At the end of March 2012, HV began System 44. R. 2557. Initially, SD “wasn’t
thrilled with the environment” because HV had problems with the computer system
and reported that his teacher, Ms. Krasowski, became angry with him, but by early
April HV told his mother that school was going well and that he was learning again.
Id. Nevertheless, on April 12, SD emailed Jayne Boulos to say that System 44 was
“a waste.” R. 1508. “Either the computer doesn’t work, the teacher is out sick, the
library door is locked, and on and on.” Id.

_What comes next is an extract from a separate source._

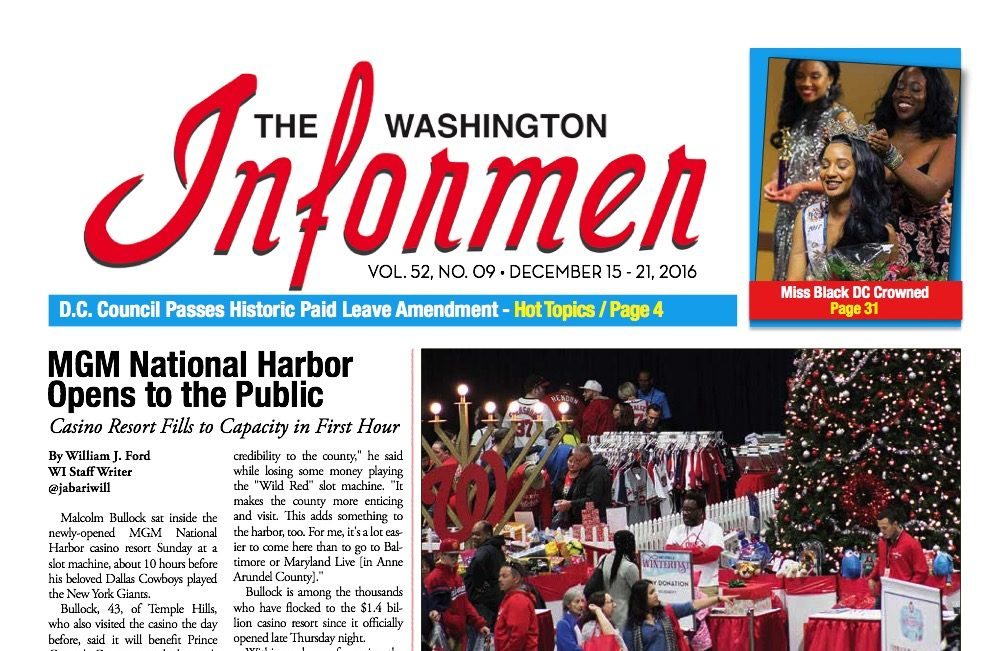 Washington Informer, December 15, 2016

In late April 2012, SD hired Christopher Kaufman, Ph.D., a licensed
psychologist and certified school psychologist, to perform an initial consultation and
diagnostic interview of HV, as well as to review HV’s previous testing and to attend
IEP meetings on May 16 and 30. R. 2558. Kaufman observed that HV had difficulty
holding onto the progress he had made in his reading instruction, and assumed that
his problems were with working memory or long-term memory. Id. Kaufman felt
that it was very unusual for a student to regress in the Wilson program from level 7
to level 2.5, and assumed that this was due to HV’s memory problems.2 R. 2594. He
I note that there is a minor discrepancy between the testimony of Maryanne Scally, who testified
that HV was at Wilson level 2 at the beginning of the sixth grade, see R. 2808, and Christopher
Kaufman, who testified that HV was at “level 2 or 2.5.” R. 2594. This discrepancy is not significant
enough to affect my analysis, however.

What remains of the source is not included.